**Exercise instructions**
Take the material below and reproduce, word for word, only the lines from the line with "Fauteuil gonflable pliable" through the line with "GlideCrêpe Pro –".
━━━ Provided entries ━━━
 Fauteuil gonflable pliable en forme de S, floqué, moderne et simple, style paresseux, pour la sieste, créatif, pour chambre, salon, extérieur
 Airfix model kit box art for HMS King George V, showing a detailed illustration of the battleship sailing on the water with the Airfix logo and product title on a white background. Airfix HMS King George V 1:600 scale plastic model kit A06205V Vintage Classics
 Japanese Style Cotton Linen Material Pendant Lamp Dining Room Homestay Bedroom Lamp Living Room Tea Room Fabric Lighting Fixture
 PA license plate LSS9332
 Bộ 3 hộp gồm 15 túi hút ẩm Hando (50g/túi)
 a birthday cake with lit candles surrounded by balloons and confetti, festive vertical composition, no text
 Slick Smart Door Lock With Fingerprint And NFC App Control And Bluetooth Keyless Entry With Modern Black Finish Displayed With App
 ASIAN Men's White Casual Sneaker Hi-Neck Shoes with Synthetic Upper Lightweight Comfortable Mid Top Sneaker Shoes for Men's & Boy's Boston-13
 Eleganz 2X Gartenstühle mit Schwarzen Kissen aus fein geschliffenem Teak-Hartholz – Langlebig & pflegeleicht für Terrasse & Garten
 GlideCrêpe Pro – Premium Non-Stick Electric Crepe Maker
━━━
━━━ Provided entries ━━━
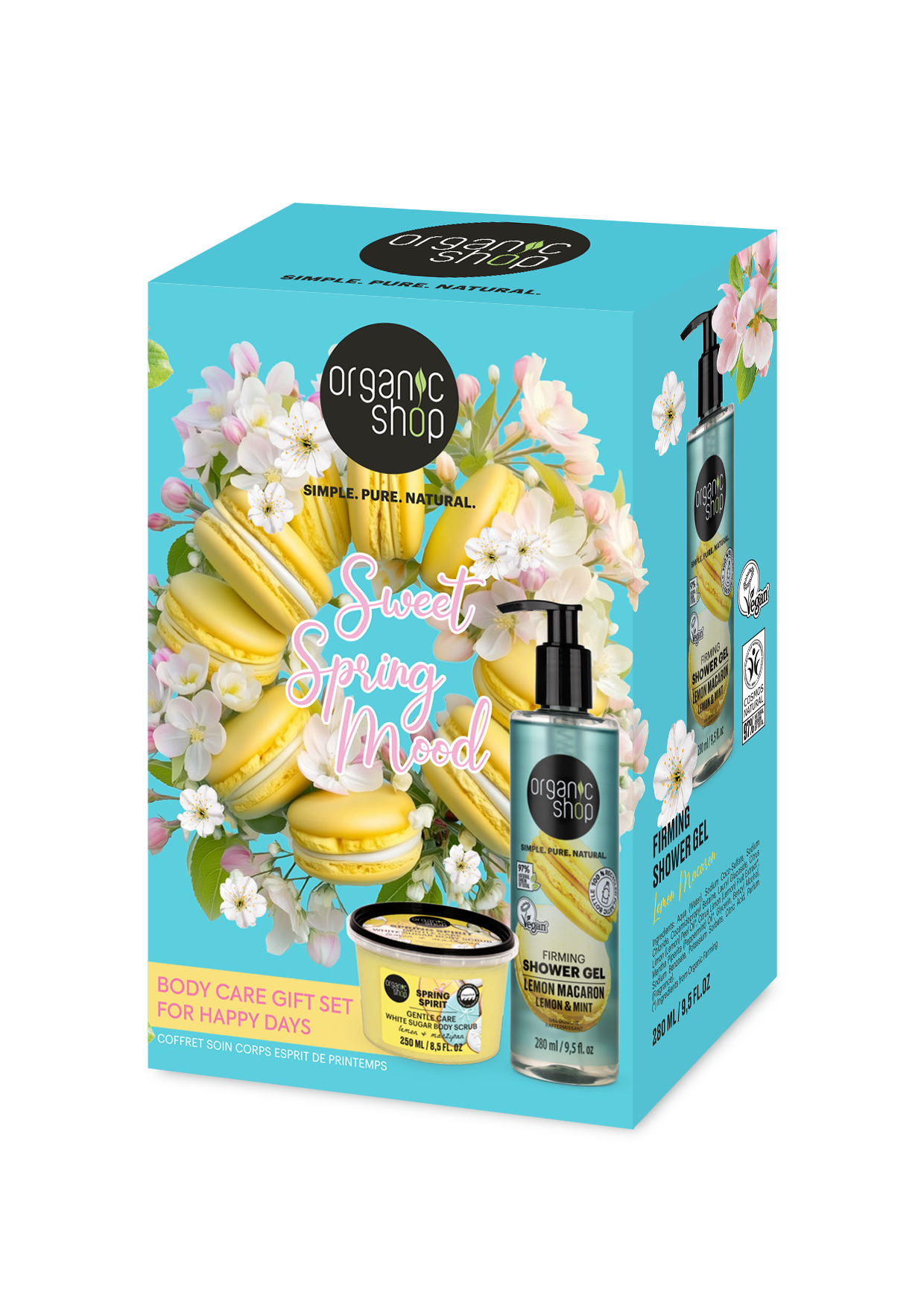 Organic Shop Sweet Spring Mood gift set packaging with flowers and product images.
━━━
**Output**
 Fauteuil gonflable pliable en forme de S, floqué, moderne et simple, style paresseux, pour la sieste, créatif, pour chambre, salon, extérieur
 Airfix model kit box art for HMS King George V, showing a detailed illustration of the battleship sailing on the water with the Airfix logo and product title on a white background. Airfix HMS King George V 1:600 scale plastic model kit A06205V Vintage Classics
 Japanese Style Cotton Linen Material Pendant Lamp Dining Room Homestay Bedroom Lamp Living Room Tea Room Fabric Lighting Fixture
 PA license plate LSS9332
 Bộ 3 hộp gồm 15 túi hút ẩm Hando (50g/túi)
 a birthday cake with lit candles surrounded by balloons and confetti, festive vertical composition, no text
 Slick Smart Door Lock With Fingerprint And NFC App Control And Bluetooth Keyless Entry With Modern Black Finish Displayed With App
 ASIAN Men's White Casual Sneaker Hi-Neck Shoes with Synthetic Upper Lightweight Comfortable Mid Top Sneaker Shoes for Men's & Boy's Boston-13
 Eleganz 2X Gartenstühle mit Schwarzen Kissen aus fein geschliffenem Teak-Hartholz – Langlebig & pflegeleicht für Terrasse & Garten
 GlideCrêpe Pro – Premium Non-Stick Electric Crepe Maker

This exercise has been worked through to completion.